Personal information
- Full name: Elsa Manora Nasution
- National team: Indonesia
- Born: 25 October 1977 (age 48) Jakarta, Indonesia
- Height: 1.70 m (5 ft 7 in)
- Weight: 60 kg (132 lb)
- Spouse: Ricky Subagja ​ ​(m. 2000; div. 2006)​

Sport
- Sport: Swimming
- Strokes: Backstroke

Medal record
Women's swimming
Representing Indonesia
Southeast Asian Games
| Bronze medal – third place | 2003 Hanoi | 100 m backstroke |

= Elsa Manora Nasution =

Indonesian swimmer (born 1977)

Elsa Manora Nasution (born 25 October 1977) is an Indonesian former swimmer, who specialized in backstroke events. She represented Indonesia at the 2000 Summer Olympics, and later captured a bronze medal in the 100 m backstroke at the 2003 Southeast Asian Games in Hanoi, Vietnam. She is also a third eldest sister of Muhammad Akbar Nasution, an elite breaststroke and medley swimmer, who competed with her at the Olympics as part of the Indonesian squad. Nasution is divorced from her husband Ricky Subagja, a prominent badminton player and 1996 Olympic doubles champion.

Nasution competed only in the women's 100 m backstroke at the 2000 Summer Olympics in Sydney.
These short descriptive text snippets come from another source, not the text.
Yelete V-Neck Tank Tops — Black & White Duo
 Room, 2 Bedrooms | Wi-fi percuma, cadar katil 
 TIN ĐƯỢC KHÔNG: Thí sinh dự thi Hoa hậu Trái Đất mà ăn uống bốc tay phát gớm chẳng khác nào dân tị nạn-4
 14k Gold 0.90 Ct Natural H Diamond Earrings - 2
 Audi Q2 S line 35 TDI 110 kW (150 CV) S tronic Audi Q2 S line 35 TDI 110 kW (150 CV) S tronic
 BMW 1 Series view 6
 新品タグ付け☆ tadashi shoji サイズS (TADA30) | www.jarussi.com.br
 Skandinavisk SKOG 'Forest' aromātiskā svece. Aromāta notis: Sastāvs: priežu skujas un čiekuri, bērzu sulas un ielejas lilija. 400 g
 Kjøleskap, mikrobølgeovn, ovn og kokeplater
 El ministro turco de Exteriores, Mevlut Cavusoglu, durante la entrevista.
She achieved a FINA B-cut of 1:05.69 from the Asian Championships in Busan, South Korea. She challenged seven other swimmers in heat two, including teenagers Sherry Tsai of Hong Kong (aged 17) and Kuan Chia-hsien of Chinese Taipei. Keeping her pace from the start, she shared a fifth seed with Uruguay's Serrana Fernández in a matching time of 1:06.57, almost a full second below her entry standard. Nasution failed to advance into the semifinals, as she placed thirty-eighth overall in the prelims.

At the 2003 Southeast Asian Games in Hanoi, Vietnam, Nasution earned a bronze medal in the 100 m backstroke with a time of 1:07.38, finishing over two body lengths behind defending champion Chonlathorn Vorathamrong of Thailand.